After the horrors and wholesale slaughter of the Second World War, the dominant political philosophy to emerge in the West was the post-WWII rules-based “liberal international” order (even as communism emerged as the dominant ideology in the East). Nationalism was soundly defeated and discredited. Colonialism was dealt a fatal blow. And the various competing visions of unrestrained government promoted by everyone from Mussolini to FDR during the previous era were severely dialed back in the West as the horrors of that era forced Western governments to rediscover the importance of individual rights and freedoms, which had largely been cast aside during two decades of enthusiastic social engineering.

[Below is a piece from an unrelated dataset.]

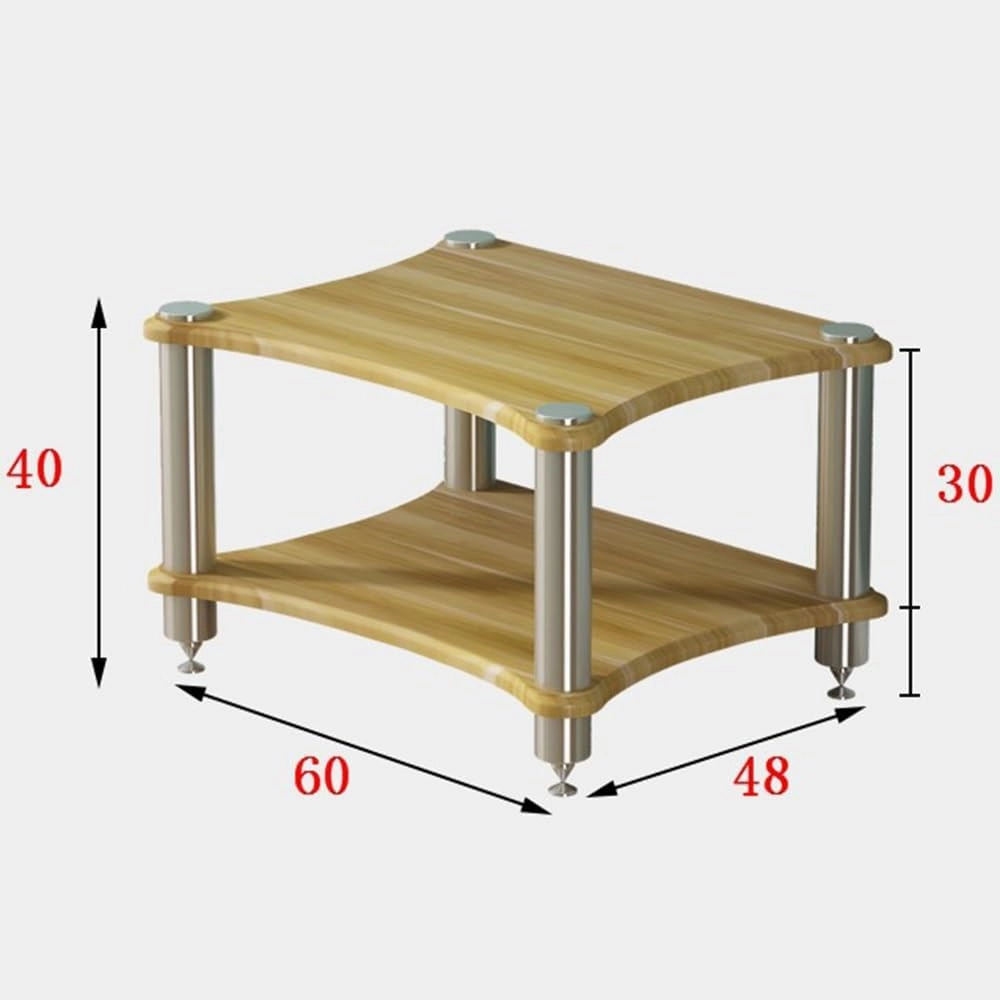 1 2 3 4 Tier AV Media Stand Component Cabinet Corner Shelf Wooden Stereo Cabinet Audio Rack Tower CD Player Stand for Home/Office/Audio Video/DJ/Theater  (Red Walnut,2 Tier-60x50x40cm)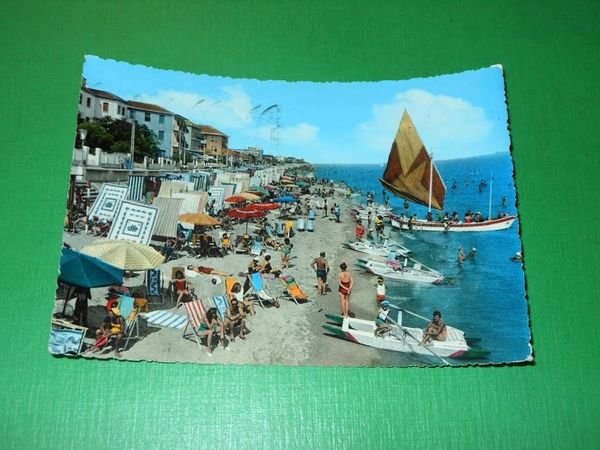 Cartolina Bellaria - La spiaggia 1958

The Western-aligned international community threw itself wholeheartedly behind this emergent post-WWII “rules-based” liberal international order, leaving liberals and conservatives to argue about peripheral issues, like tax rates, terms of free trade agreements, civil rights, and which distant wars to involve themselves in.
But both sides firmly agreed on the core principles of this new emergent post-WWII era, which clearly represented solutions to the problems of the prior era, but which have now evolved to become the problems of our own unravelling era.
Free trade provided the alternative to predatory colonialism and nationalist expansionism so that countries could acquire the necessary resources to sustain their nations without invading or colonizing their neighbors.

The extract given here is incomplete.